Skipping generations is an old-wives tale!

The genetics for Type 1 and Type 2 are distinct -- they are 2 separate

In Type 1, you must have certain genes that cause you to be susceptible
to auto-immune problems, AND you must encounter whatever pathogen or
toxin (probably a virus) that triggers those genes. 

Therefore, not everyone who carries the genes develops Type 1, and so it
pops up, seemingly at random in families where no one is aware of any
previous history (do you know whether a relative 4 or 5 generations back
mightn't have died of Type 1?? Most people don't!).

However, in families where the gene has become evident, i.e. families
where one member has Type 1, you can test the others and will often find
that others are susceptible, too. Whether they actually ever GET Type 1
is not at all a sure thing, but the susceptibility is there, and can be
inherited by THEIR descendants.

Type 2, on the other hand is MUCH more heritable, and family history is
positive much more often.

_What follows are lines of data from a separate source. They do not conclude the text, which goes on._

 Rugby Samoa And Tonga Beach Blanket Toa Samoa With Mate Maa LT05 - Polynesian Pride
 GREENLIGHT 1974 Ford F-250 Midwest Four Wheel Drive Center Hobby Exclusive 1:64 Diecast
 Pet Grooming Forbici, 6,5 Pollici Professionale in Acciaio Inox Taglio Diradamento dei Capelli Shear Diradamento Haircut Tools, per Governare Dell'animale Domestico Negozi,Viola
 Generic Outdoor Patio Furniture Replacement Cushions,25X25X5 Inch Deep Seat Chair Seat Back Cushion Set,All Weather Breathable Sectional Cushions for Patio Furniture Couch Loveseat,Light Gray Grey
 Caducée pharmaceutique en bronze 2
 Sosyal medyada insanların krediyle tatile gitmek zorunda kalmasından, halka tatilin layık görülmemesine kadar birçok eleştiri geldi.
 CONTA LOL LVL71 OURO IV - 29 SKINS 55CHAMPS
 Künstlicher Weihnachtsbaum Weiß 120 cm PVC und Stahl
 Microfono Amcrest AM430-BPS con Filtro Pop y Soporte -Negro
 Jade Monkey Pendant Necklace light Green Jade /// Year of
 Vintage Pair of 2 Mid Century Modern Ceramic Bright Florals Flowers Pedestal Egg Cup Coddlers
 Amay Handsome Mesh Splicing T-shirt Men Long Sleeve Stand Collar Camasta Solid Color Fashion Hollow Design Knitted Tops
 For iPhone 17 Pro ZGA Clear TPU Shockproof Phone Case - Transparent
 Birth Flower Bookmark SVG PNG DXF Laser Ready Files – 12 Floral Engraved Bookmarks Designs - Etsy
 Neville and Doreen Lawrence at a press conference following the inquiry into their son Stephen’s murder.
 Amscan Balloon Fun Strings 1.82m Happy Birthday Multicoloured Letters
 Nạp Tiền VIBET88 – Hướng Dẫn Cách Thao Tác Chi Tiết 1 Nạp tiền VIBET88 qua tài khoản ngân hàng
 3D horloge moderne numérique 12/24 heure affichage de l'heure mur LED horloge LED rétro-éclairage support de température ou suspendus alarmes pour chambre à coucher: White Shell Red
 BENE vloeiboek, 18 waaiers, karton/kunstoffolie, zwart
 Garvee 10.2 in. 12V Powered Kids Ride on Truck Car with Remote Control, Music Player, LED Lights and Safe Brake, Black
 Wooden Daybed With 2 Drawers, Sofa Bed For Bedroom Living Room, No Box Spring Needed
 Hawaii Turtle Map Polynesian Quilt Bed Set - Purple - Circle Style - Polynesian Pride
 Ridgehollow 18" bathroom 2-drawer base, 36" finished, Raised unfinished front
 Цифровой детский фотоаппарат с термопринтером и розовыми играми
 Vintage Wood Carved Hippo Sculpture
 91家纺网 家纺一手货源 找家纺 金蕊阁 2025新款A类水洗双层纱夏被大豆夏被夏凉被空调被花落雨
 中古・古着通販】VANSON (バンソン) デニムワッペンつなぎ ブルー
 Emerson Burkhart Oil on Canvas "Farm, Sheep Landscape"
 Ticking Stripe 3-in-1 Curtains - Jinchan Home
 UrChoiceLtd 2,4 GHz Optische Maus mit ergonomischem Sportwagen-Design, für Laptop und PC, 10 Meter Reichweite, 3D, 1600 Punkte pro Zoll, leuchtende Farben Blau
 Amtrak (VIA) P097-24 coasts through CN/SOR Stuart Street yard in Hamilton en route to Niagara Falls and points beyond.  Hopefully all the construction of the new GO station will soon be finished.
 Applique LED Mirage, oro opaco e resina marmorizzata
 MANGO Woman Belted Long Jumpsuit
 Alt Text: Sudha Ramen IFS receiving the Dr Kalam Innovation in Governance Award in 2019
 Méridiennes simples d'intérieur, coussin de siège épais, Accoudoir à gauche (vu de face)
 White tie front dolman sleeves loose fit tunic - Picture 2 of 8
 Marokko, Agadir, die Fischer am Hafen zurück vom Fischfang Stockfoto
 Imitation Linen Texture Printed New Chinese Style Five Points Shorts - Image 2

In fact, endocrinologist James R. Gavin III
said that it NEVER skips generations. However, it may not manifest if
conditions aren't right (or wrong!) -- if someone is constantly
underfed, they may never gain enough weight for Type 2 to show up, and
diagnostic criteria have historically not been sensitive enough to pick
up everyone who actually has it. 

Type 2 in grandparents is NOT a predictor of Type 1 in children -- all 4
grandparents can have Type 2 diabetes without necessarily having any
connection with a child's being diagnosed Type 1. 

However, it has become apparent in very recent years that a certain
percentage of adults who are diagnosed as Type 2, are, in fact,
slow-onset Type 1's; that is to say that their diabetes is auto-immune
in nature, and sometimes grandparents may have that kind of diabetes,
which IS related to Type 1 in children. 

Another thing to watch out for is the fact that a Type 1 CAN have the
genes for Type 2 as well. That means that as the person ages, they can
become obese, and start showing Type 2 insulin-resistance and
hypertension and hyperlipidemia problems. The two forms of diabetes are
NOT mutually exclusive.

OK, more than you ever wanted to know, eh??